ELLEN ECKERT, Stenographin, Weißes Haus: An Bord ist es wie im Gruselfilm. Es ist kaum noch jemand da. Die Personalkabine ist leer, die Gästekabine ist leer. Ich verlor die Fassung. Ich sah einen der Agenten im Flur und ging zu ihm: »Hier sind wir also am sichersten? Hier an Bord der Air Force One?« Er sagte: »Wir könnten ebenso gut ein großes rotes X unten auf dem Flugzeug haben. Wir sind das einzige Flugzeug am Himmel.« Das machte mir Angst. Ich ging ins Bad und schrieb auf einem der Air-Force-One-Notizblöcke einen Brief an meine Familie – sechs Geschwister und meine Eltern. Das lesen sie nie, der Zettel verbrennt in einem riesigen Feuerball. Eine der Flugbegleiterinnen öffnete die Tür, beruhigte mich und gab mir einen Lappen für das Gesicht. »Wir schaffen das. Wir ziehen hier alle an einem Strang.«
MAJ. SCOTT »HOOTER« CROGG: Fünfzehn Minuten nach dem Auftanken sahen wir die Air Force One in den Sinkflug gehen. Ich überschlug kurz und folgerte, dass sie wohl zur Offutt Base wollten. Bloß hatten wir jetzt den Tank voll Treibstoff. So kann man mit einem kleinen Jet nicht landen, also flogen wir Kreise mit Afterburner, um genug Treibstoff zu verbrennen, dass wir landen konnten.
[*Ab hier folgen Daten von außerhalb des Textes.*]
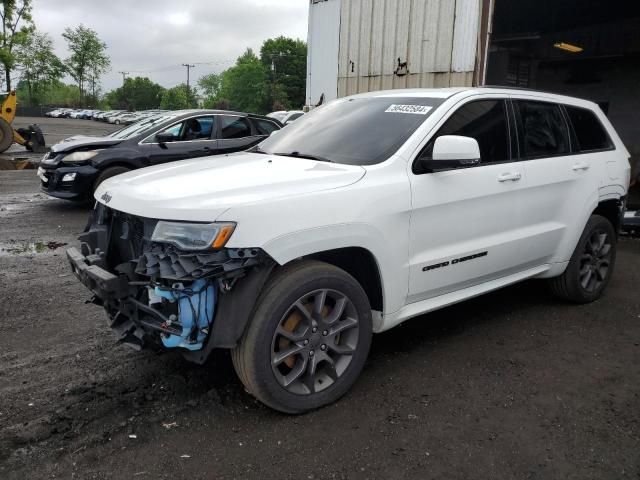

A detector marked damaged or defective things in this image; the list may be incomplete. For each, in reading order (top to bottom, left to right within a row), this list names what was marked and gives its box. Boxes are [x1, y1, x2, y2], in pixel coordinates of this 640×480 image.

damaged front end [67, 202, 276, 364]
broken headlight [151, 221, 236, 251]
MIKE MORELL, Berichterstatter des Präsidenten, CIA: Auf dem Flug von Barksdale nach Offutt bat der Präsident mich allein herein – nur er, ich und Andy Card waren anwesend. Er fragte mich: »Michael, wer war das?« Ich erklärte, dass ich keine handfesten Informationen dazu vorliegen hatte, ihm also nur meine allgemeine Einschätzung geben konnte. Er war konzentriert und erwiderte: »Ich weiß, legen Sie los.« Ich erklärte, dass es für mich zwei Länder gebe, die zu solchen Anschlägen imstande seien, nämlich Iran und Irak. Dass ich aber glaubte, dass diese beiden in der Sache alles zu verlieren und nichts zu gewinnen hätten. Am Ende führe die Spur aber zweifellos zu Osama bin Laden. »Darauf wette ich die Zukunft meiner Kinder«, sagte ich.